ONE
OK. DON’T PANIC. Everything’s going to be fine. Of course it is.
Of course it is.
“If you could lift up your top, Mrs. Brandon?” The sonographer has a pleasant, professional air as she looks down at me. “I need to apply some jelly to your abdomen before we start the scan.”
“Absolutely!” I say without moving a muscle. “The thing is, I’m just a teeny bit…nervous.”
I’m lying on a bed at the Chelsea and Westminster hospital, tense with anticipation. Any minute now, Luke and I will see our baby on the screen for the first time since it was just a teeny blob. I still can’t quite believe it. In fact, I still haven’t quite got over the fact that I’m pregnant. In nineteen weeks’ time I, Becky Brandon, née Bloomwood…am going to be a mother. A mother!
Luke’s my husband, by the way. We’ve been married for just over a year and this is a one hundred percent genuine honeymoon baby! We traveled loads on our honeymoon, but I’ve pretty much worked out that we conceived it when we were staying in this gorgeous resort in Sri Lanka, called Unawatuna, all orchids and bamboo trees and beautiful views.
Unawatuna Brandon.
Miss Unawatuna Orchid Bamboo-tree Brandon.
Hmm. I’m not sure what Mum would say.
“My wife had a slight accident in the early stages of pregnancy,” Luke explains from his seat beside the bed. “So she’s a little anxious.”
He squeezes my hand supportively, and I squeeze back. In my pregnancy book, Nine Months of Your Life, it says you should include your partner in all aspects of your pregnancy, otherwise he can feel hurt and alienated. So I’m including Luke as much as I possibly can. Like, last night I included him in watching my new DVD, Toned Arms in Pregnancy. He suddenly remembered in the middle that he had to make a business call, and missed quite a lot — but the point is, he doesn’t feel shut out.
“You had an accident?” The sonographer pauses in her tapping at the computer.
“I fell off this mountain when I was looking for my long-lost sister in a storm,” I explain. “I didn’t know I was pregnant at the time. And I think maybe I bashed the baby.”
“I see.” The sonographer looks at me kindly. She has graying brown hair tied back in a knot, with a pencil stuck into it. “Well, babies are resilient little things. Let’s just have a look, shall we?”
Here it is. The moment I’ve been obsessing over for weeks. Gingerly I lift up my top and look down at my swelling stomach.
“If you could just push all your necklaces aside?” she adds. “That’s quite a collection you have there!”
“They’re special pendants.” I loop them together with a jangle. “This one is an Aztec maternity symbol, and this is a gestation crystal…and this is a chiming ball to soothe the baby…and this is a birthing stone.”
“A birthing stone?”
“You press it on a special spot on your palm, and it takes away the pain of labor,” I explain. “It’s been used since ancient Maori times.”

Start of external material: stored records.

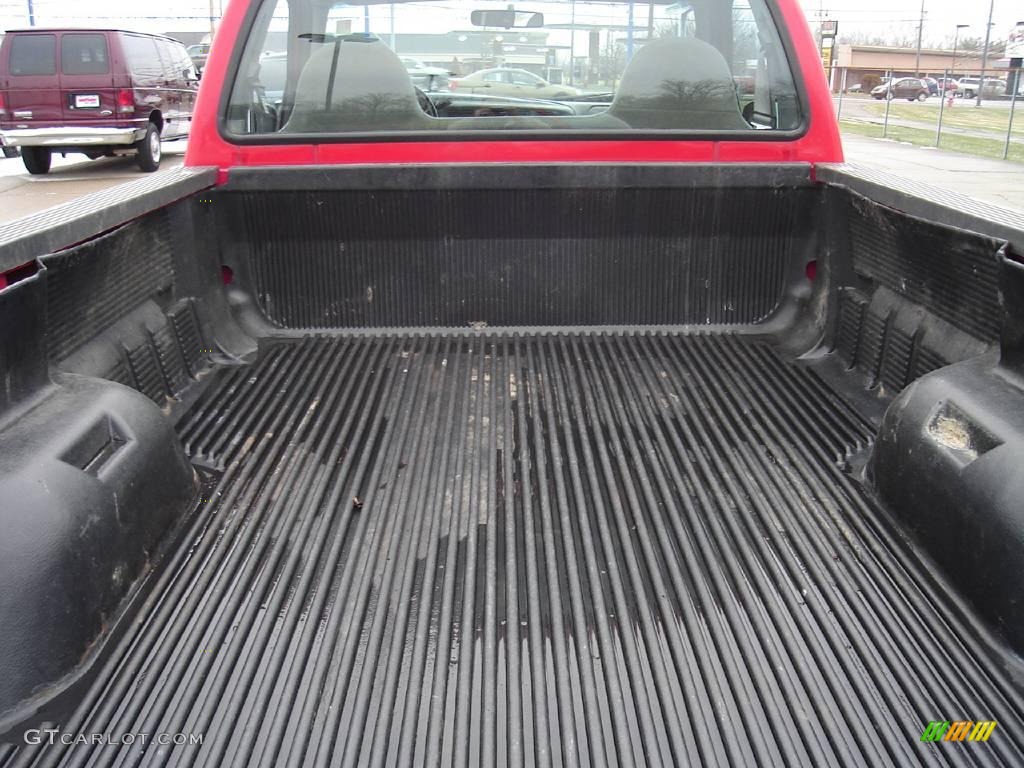 2000 F250 Super Duty XL Regular Cab 4x4 - Red / Medium Graphite photo #16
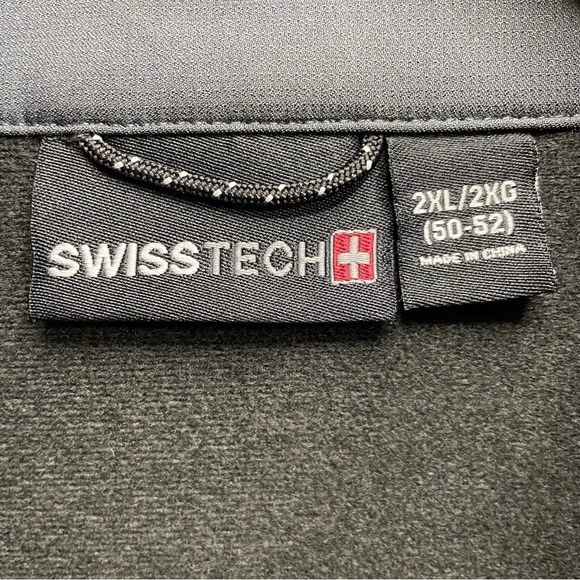 Men’s Swiss Tech XXL Weatherproof  Gray Soft-Shell Jacket - Picture 3 of 5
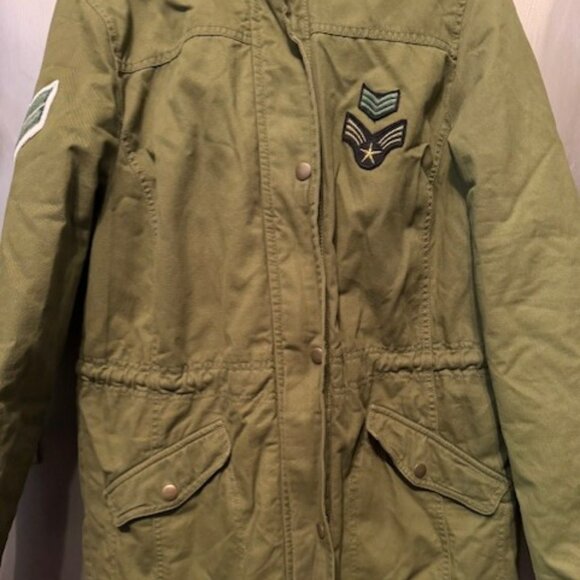 Military Style Parka / Anorak jacket / coat with patches! - Picture 14 of 16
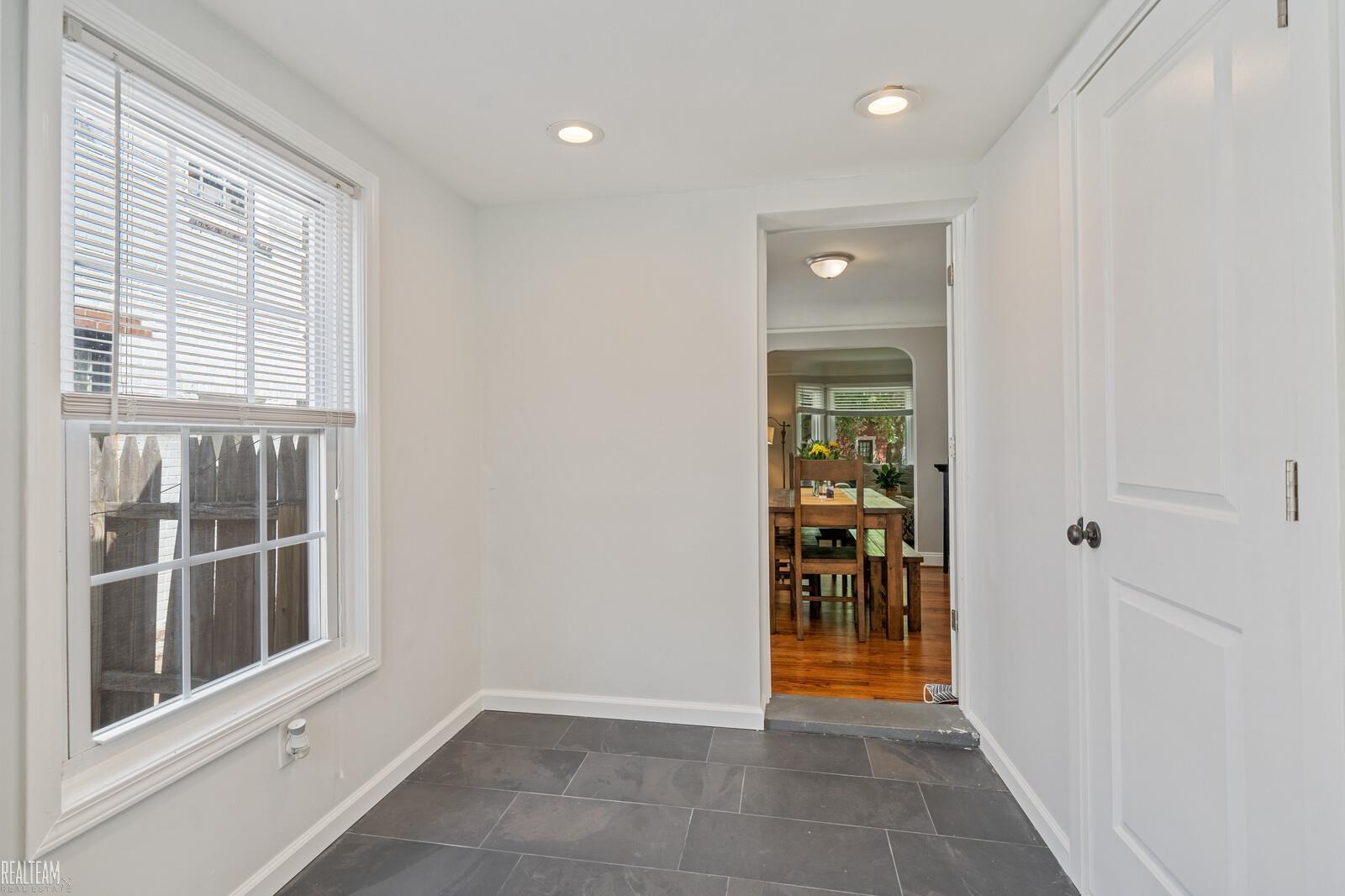 3941 Harvard Road Detroit, MI 48224 - Photo 17 of 31 50090171-16.JPG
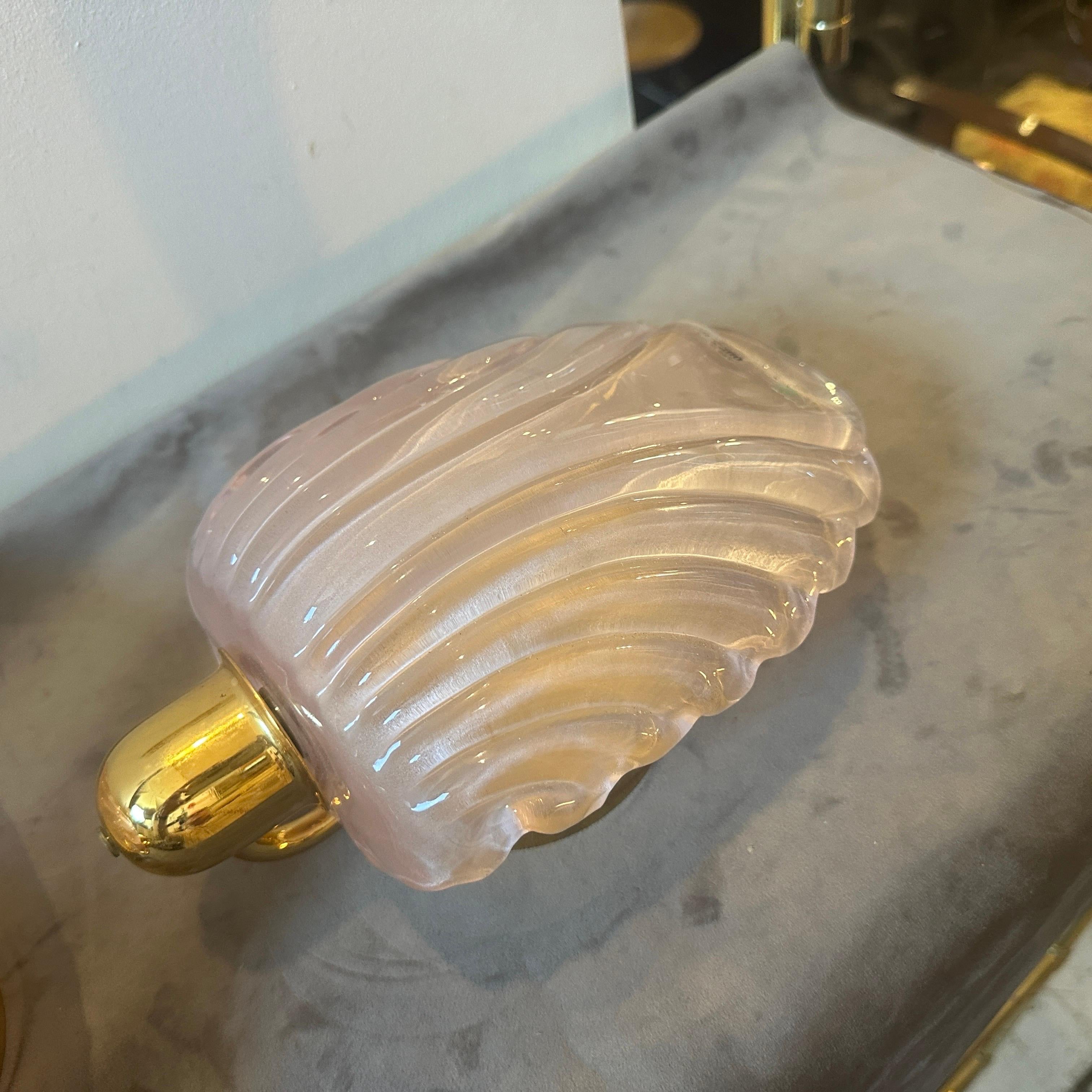 1980s Mid-century Modern Brass and Shell Shaped Pink Murano Glass Wall Sconces 3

“Mm-hmm.” The sonographer raises an eyebrow and squeezes some transparent gloop on my stomach. Frowning slightly, she applies the ultrasound probe thing to my skin, and instantly a fuzzy black-and-white image appears on the screen.
I can’t breathe.
That’s our baby. Inside me. I dart a look at Luke, and he’s gazing at the screen, transfixed.
“There are the four chambers of the heart….” The sonographer is moving the probe around. “Now we’re looking at the shoulders….” She points to the screen and I squint obediently, even though, to be honest, I can’t see any shoulders, only blurry curves.
“There’s an arm…one hand…” Her voice trails off and she frowns.
There’s silence in the little room. I feel a sudden grip of fear. That’s why she’s frowning. The baby’s only got one hand. I knew it.
A wave of overpowering love and protectiveness rises up inside me. Tears are welling in my eyes. I don’t care if our baby’s only got one hand. I’ll love it just as much. I’ll love it more. Luke and I will take it anywhere in the world for the best treatment, and we’ll fund research, and if anyone even dares give my baby a look—
“And the other hand…” The sonographer’s voice interrupts my thoughts.
“Other hand?” I look up, choked. “It’s got two hands?”
“Well…yes.” The sonographer seems taken aback at my reaction. “Look, you can see them here.” She points at the image, and to my amazement I can just about make out the little bony fingers. Ten of them.